Language is the ‘bare minimum’ of culturalization in game development

Adapting your game for other countries goes far beyond translation and localization. Story, mechanics, and monetization must fit the culture. …

Culturalization is a gigantic part of game development. The best way to make sure your game will work in another country and culture is to adapt it to the people living there. Language, according to several experts, is just the beginning of that process.

“Language is the bare minimum,” said Facebook Audience Network’s Hahn Kim, citing a study the social media company had conducted. “Culturalization is adapting a games look, feel, and tone to a market’s value and belief system.”

Kim was part of the Reaching International Audience: The Importance of Culturalizing Games and Campaign panel at the Driving Game Growth: A GamesBeat and Facebook Summit.

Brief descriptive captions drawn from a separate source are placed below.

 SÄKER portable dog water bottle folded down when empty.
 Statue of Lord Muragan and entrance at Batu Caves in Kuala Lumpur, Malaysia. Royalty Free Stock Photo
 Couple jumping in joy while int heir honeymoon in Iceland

He was joined by Jam City’s Brian Sapp and Imangi Studios’ Walter Devins. The panel’s moderator was Geogrify’s Kate Edwards.

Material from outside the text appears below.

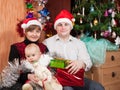 Happy family of three celebrating Christmas Royalty Free Stock Photo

They discussed the topic of culturalization and what it means for game studios to bring their experiences to other cultures, beyond translating the words in their games. The main point the panel kept returning to is that culturalization must happen on multiple levels in order to truly be effective.

Two of those levels include in-game mechanics and monetization—how can they be adapted to specific cultures? “Many games in the West monetize through gacha mechanics. If you bring those same mechanics to Japan, Japanese players expect more free gacha’s in their experience,” Sapp said. “When we look at Japan, we asked ourselves if this game is designed well for that audience.”

All the panelists agreed that culturalization, which can be described as a deeper form of localization, happens at all levels of a game — including the gameplay systems, controls, narrative, language, and in-game economy. It’s similar to localization, although that term often focuses mainly on language on not the other elements listed above.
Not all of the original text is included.